(Saved entries)
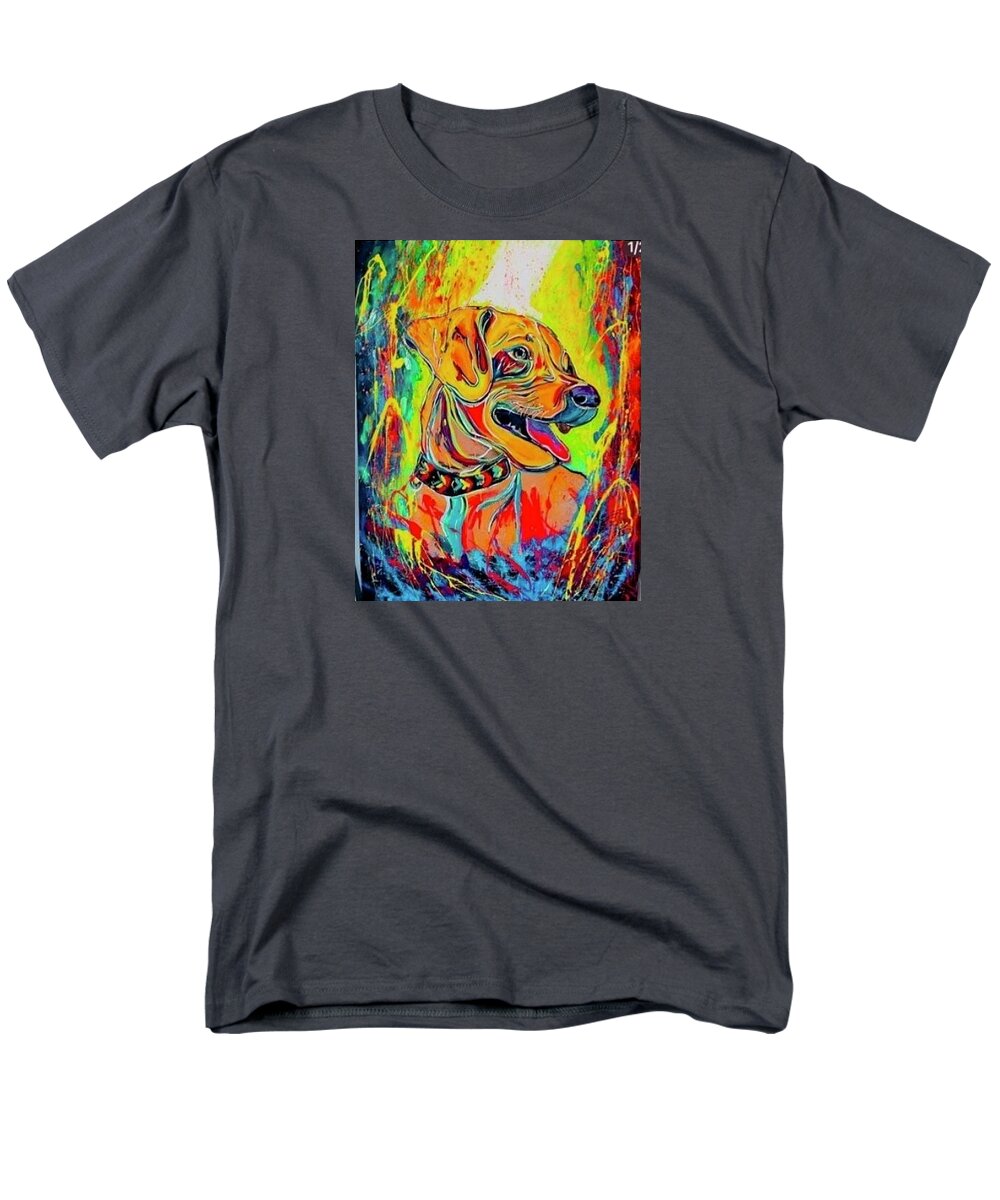 Sunny - Men's T-Shirt  (Regular Fit)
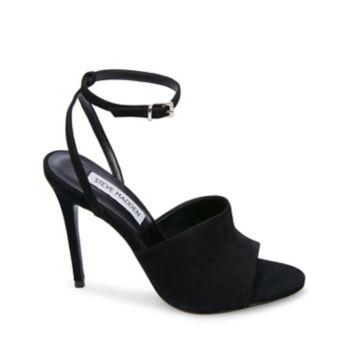 Refresh Black Nubuck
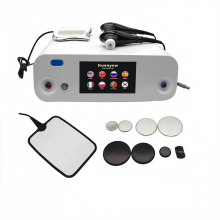 Indiba 448k CET RET Body Radiofrequency: Advanced Physiotherapy Device for Pain Relief, Fat Elimination, Firming, and Weight Loss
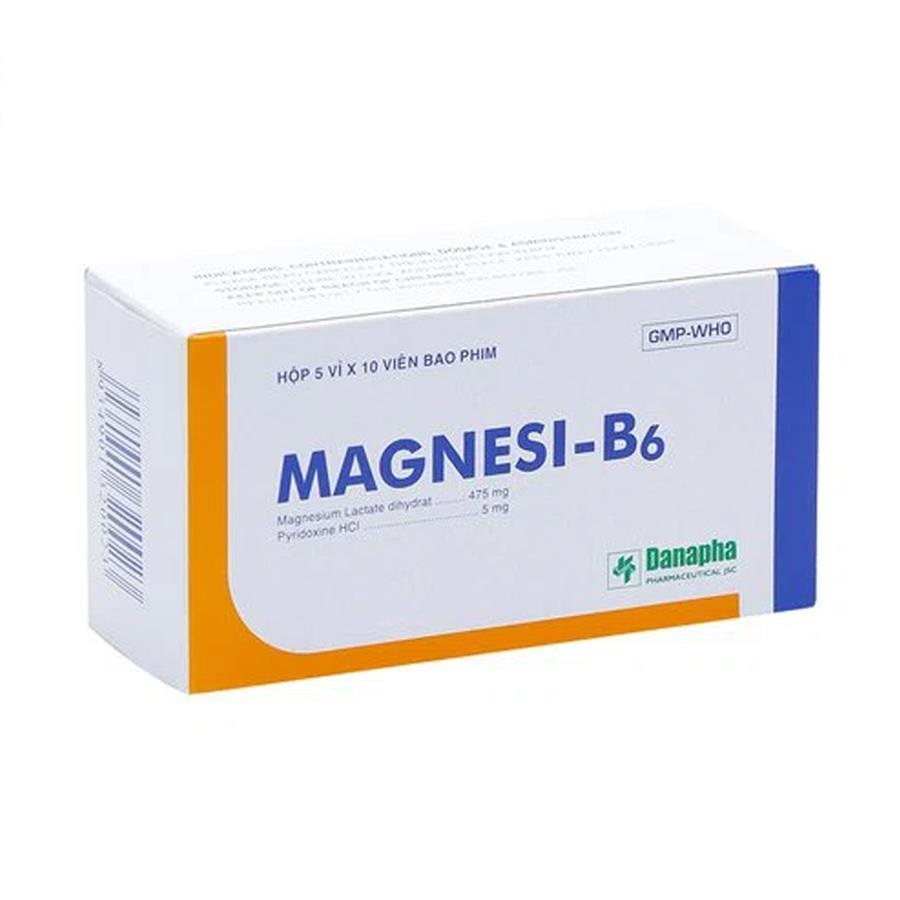 Magnesi-B6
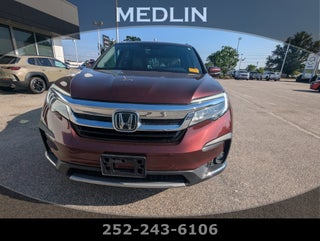 2021 Honda Pilot Touring 8-Passenger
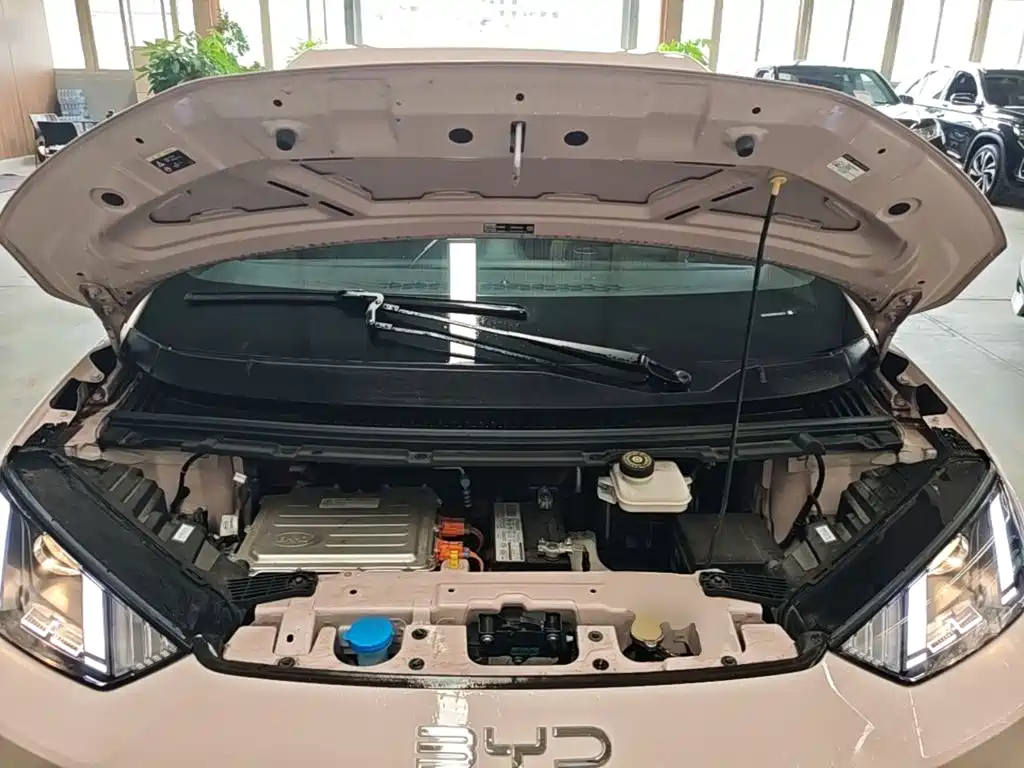 BYD Seagull — миниатюра 20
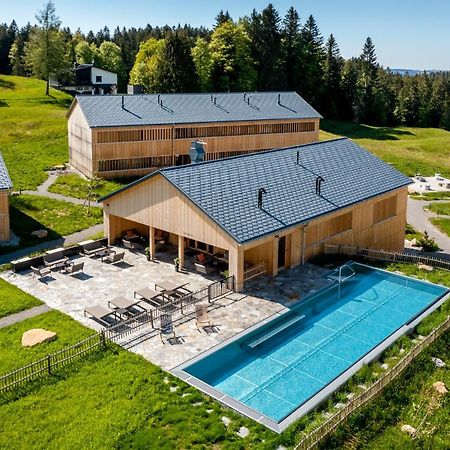 Fuchsegg Eco Lodge 外观 照片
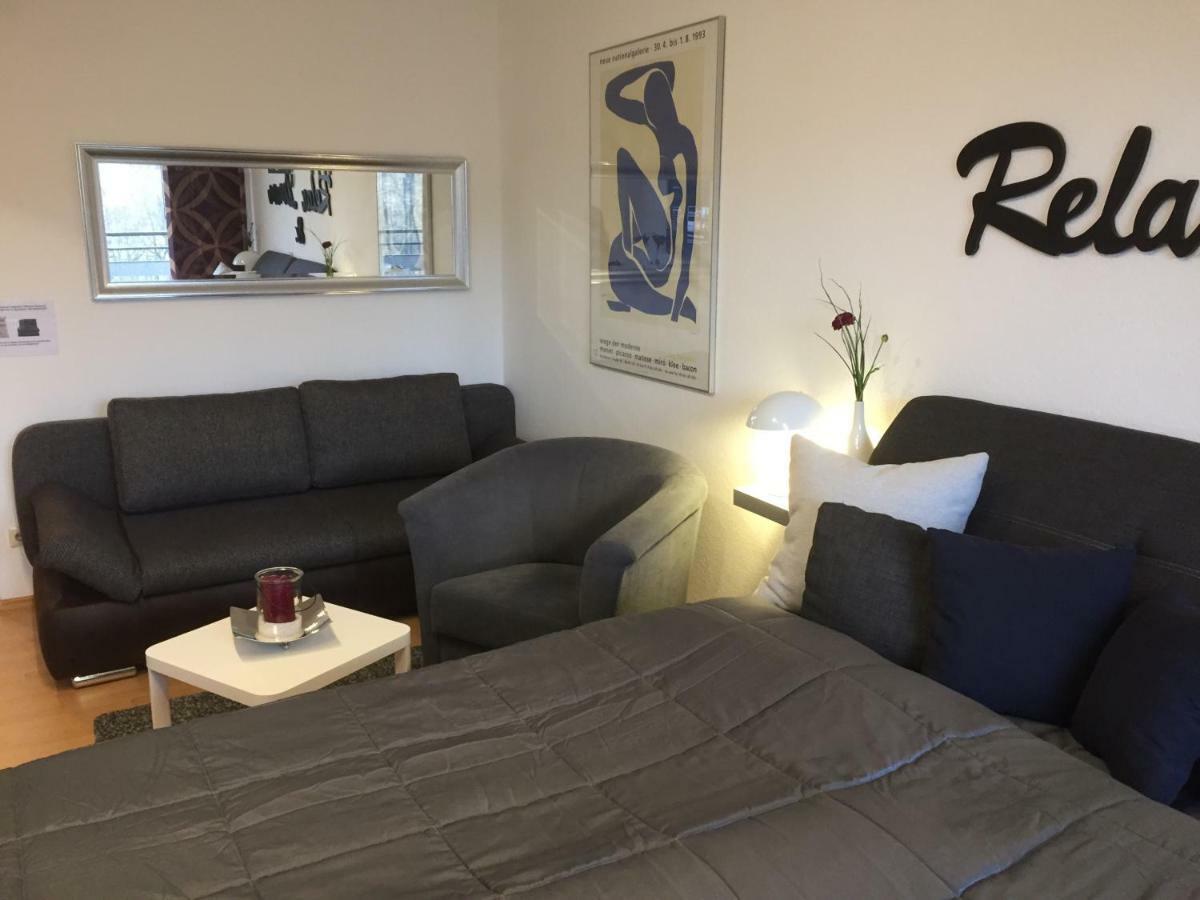 Comfort-Apartment Brilon Esterno foto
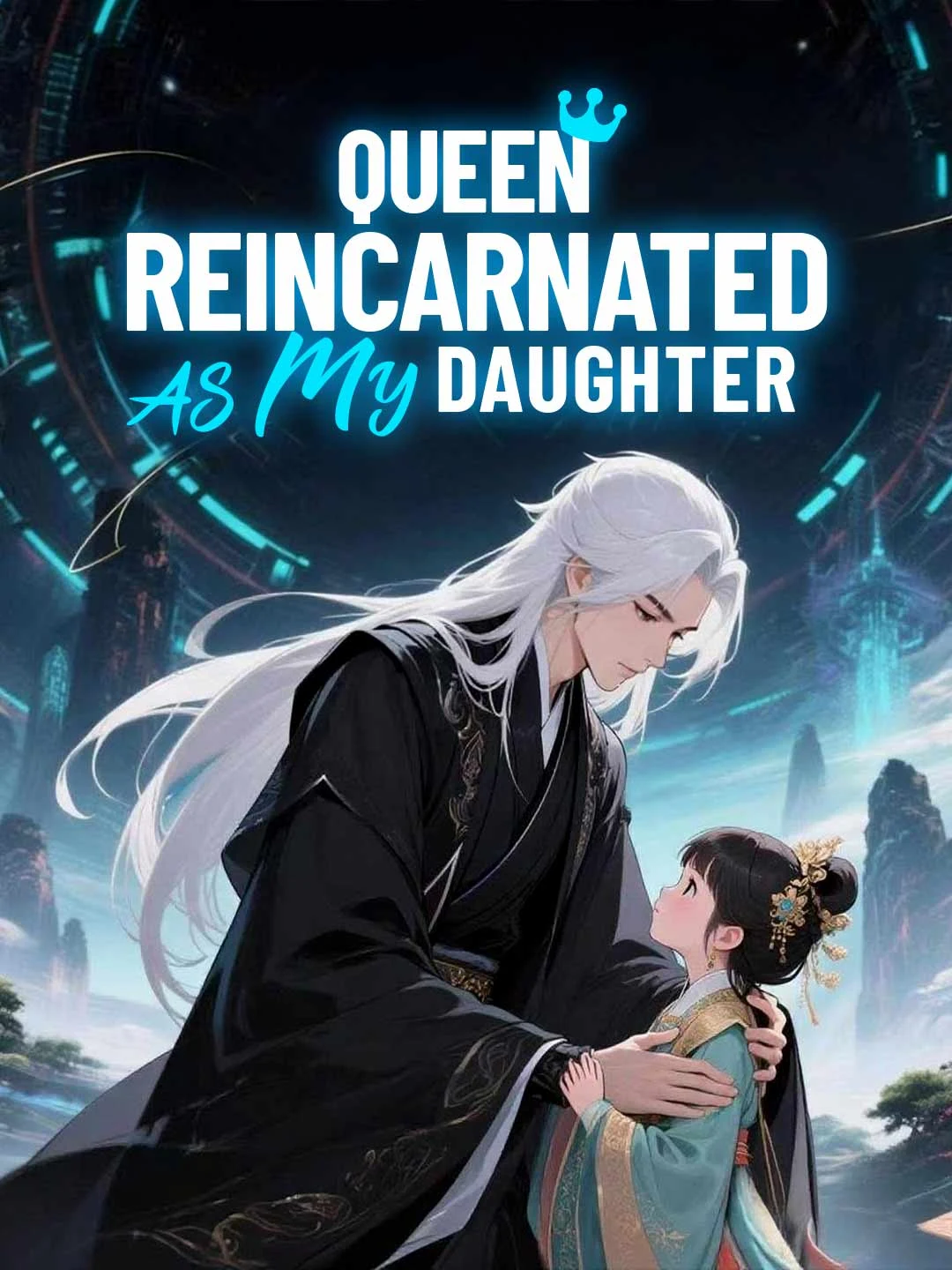 Watch Queen Reincarnated as My Daughter All Episodes Free Queen Reincarnated as My Daughter (72 Episodes) - Official Drama Poster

Task prompt »
Although the records above contain pictures, your copy should give only their text, exactly as written.

Written reply »
 Sunny - Men's T-Shirt  (Regular Fit)
 Refresh Black Nubuck
 Indiba 448k CET RET Body Radiofrequency: Advanced Physiotherapy Device for Pain Relief, Fat Elimination, Firming, and Weight Loss
 Magnesi-B6
 2021 Honda Pilot Touring 8-Passenger
 BYD Seagull — миниатюра 20
 Fuchsegg Eco Lodge 外观 照片
 Comfort-Apartment Brilon Esterno foto
 Watch Queen Reincarnated as My Daughter All Episodes Free Queen Reincarnated as My Daughter (72 Episodes) - Official Drama Poster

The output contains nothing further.